▶ [Task prompt]: Word for word, return the lines below from the first through the line that has "Kép - Trópusi", dropping the pictures.

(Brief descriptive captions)

--------------------------------

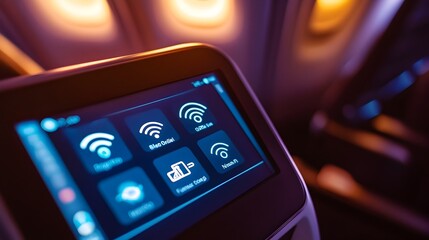 Obraz premium Close-up View of In-Flight Digital Connectivity Screen Showing Available WiFi Networks and Options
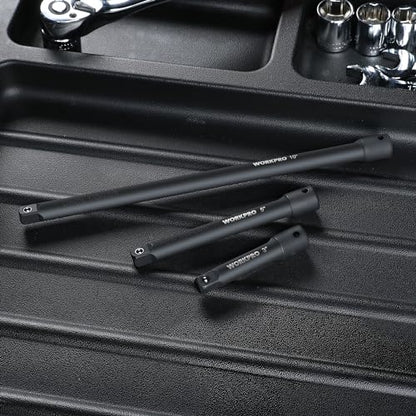 WORKPRO 3/8" Drive Impact Extension Bar Set, Socket Extensions | 3 PCS Socket Extensions, 3”, 5” and 10” Length, Premium Chrome Vanadium Steel with Black Phosphate Finish - style: 3/8" DR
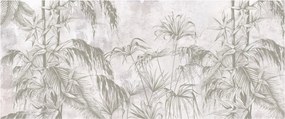 Kép - Trópusi növények a falon szürke színben (120x50 cm)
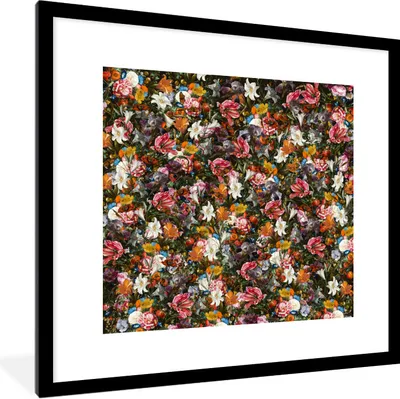 Produktbild von MuchoWow® Gerahmtes Poster Blumen - Schmetterling - Design - Kunst - Abstrakt - Malerei - Alte Meister 40x40 cm - Poster mit Schwarzem Bilderrahmen Wandposter Rahmen Foto Bilder - Poster - Plakat im Rahmen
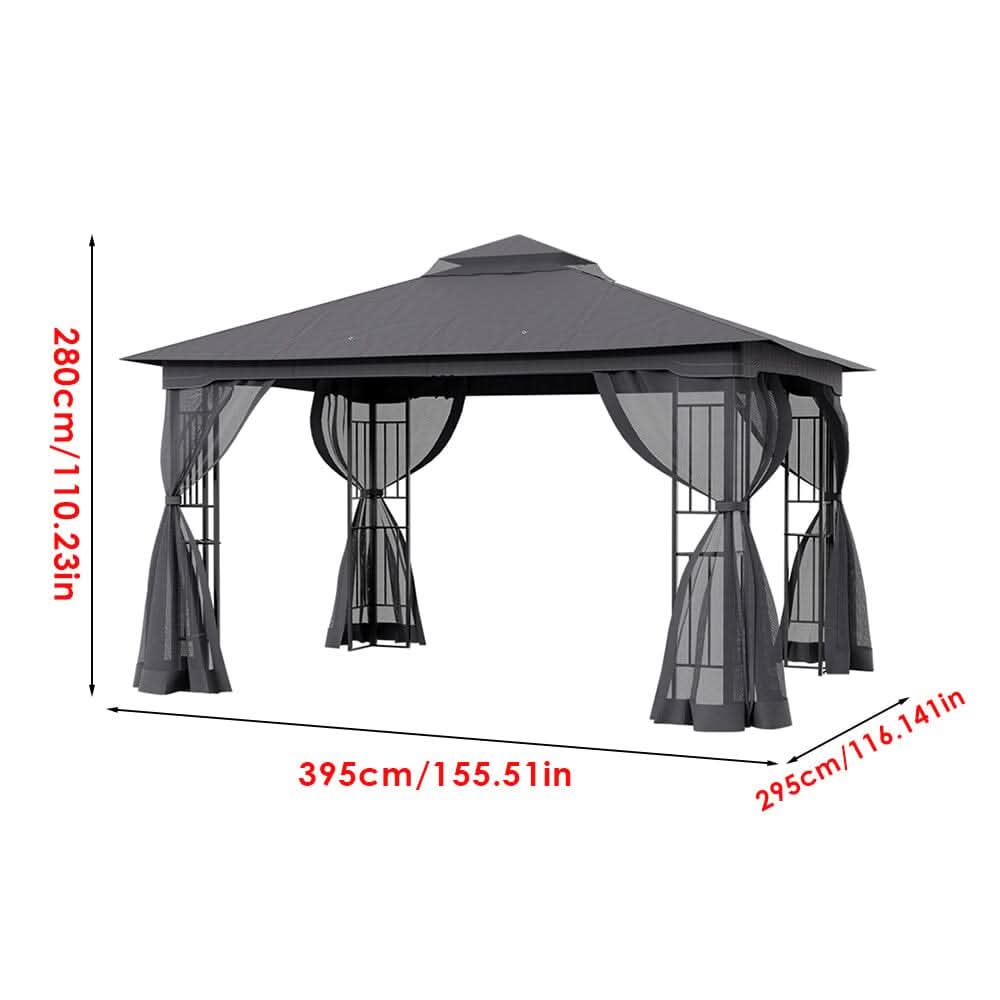 13ft Outdoor Pergola Premium Iron with Sheer Charcoal Gray Screens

--------------------------------

▶ [Result of the exercise]:
 Obraz premium Close-up View of In-Flight Digital Connectivity Screen Showing Available WiFi Networks and Options
 WORKPRO 3/8" Drive Impact Extension Bar Set, Socket Extensions | 3 PCS Socket Extensions, 3”, 5” and 10” Length, Premium Chrome Vanadium Steel with Black Phosphate Finish - style: 3/8" DR
 Kép - Trópusi növények a falon szürke színben (120x50 cm)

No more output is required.